Ancien bassiste des Rolling Stones, Bill Wyman est un musicologue. Il aime le blues, le R&B, le jazz, le swing et le gospel. Il en est même nostalgique. Sacré Bill ! Après avoir quitté les Stones en 93, il a mangé du hamburger en montant ses restaurants Sticky Fingers.

En 95, à l'écoute de ses vieux disques de Fats Waller, de Louis Jordan et de Billie Holiday, il ressort sa basse et bat le rappel de ses meilleurs potes. Les Rhythm Kings sont nés. Le 1er album "Struttin' our stuff" sort en octobre 97. Le second, "Anyway the wind blows", en octobre 98. Comme le produit se vend bien, un 3ème "Groovin", suivra en 2000.
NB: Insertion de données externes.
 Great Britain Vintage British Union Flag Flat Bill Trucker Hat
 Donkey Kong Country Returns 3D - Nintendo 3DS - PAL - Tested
Le public en redemande, et Bill nous sort donc son 1er double album, baptisé intelligemment "Double Bill", 24 plages à la clé! Ses plus fidèles comparses sont du voyage : Georgie Fame, Gary Brooker et Albert Lee. La double addition s'ouvre sur une plage gospel, "Long walk to DC", caractérisée par la remarquable Beverley Skeete au chant. Sur "Hot foot blues" on retrouve la voix chaude, si caractéristique, de Gary Brooker. Si, si, souvenez-vous, celle qui enchantait les pistes de danse de naguère sur "A whiter shade of pale". L'ex-boss de Procol Harum sait chanter et pianoter le boogie. Il le démontre tout au long de "Boogie woogie all night long" et de "Turn on your lovelight", alors que Fearweather-Low rocke sur les cordes. Le ton est jazz dès l'intro de "Hit that jive Jack". Georgie Fame swingue au chant et à l'orgue. "Love letters" est une merveilleuse ballade lente. Colorée par la slide de George Harrison elle a été choisie comme single. Emouvante à l'extrême, Miss Skeete, cette ancienne choriste de Chaka Khan, s'acquitte admirablement du chant. Elle a bien du talent ! De la même manière, elle interprète "Trust in me" avec cette fois, Mr Chris Rea à la slide. "Love's down the drain" s'étend sur un riff bluesy. L'opportunité pour la voix monocorde de Mr Wyman d'officier, pendant que les réponses fusent des gorges déployées de Beverley et Janice Hoyle. Medley, "Snap your fingers"/"What a friend we have in Jesus" mélange gospel et R&B. La guitare en pickin d'Albert Lee se détache clairement de l'arrière-scène. Andy Fairweather-Low (du groupe d'Eric Clapton) chante l'amusant "Get in the chicken". Un titre plutôt jug band, traversé par le piano de Dave Hartley. Albert Lee se met lui aussi à chanter sur la cover d'Eddie Cochran, "Tired & sleepy". Un titre de rockabilly qui recèle une de ces interventions à la guitare!!! Pour vous faire danser tendrement, Gary Brooker revient chanter l'impeccable "Lonely boy blue". "Double Bill" est très bon. Je ne possède qu'un album promo unique limité à 18 plages ; mais si je n'ai pas eu le loisir d'écouter les six dernières, elles doivent sûrement rester dans le même registre. Come on Bill!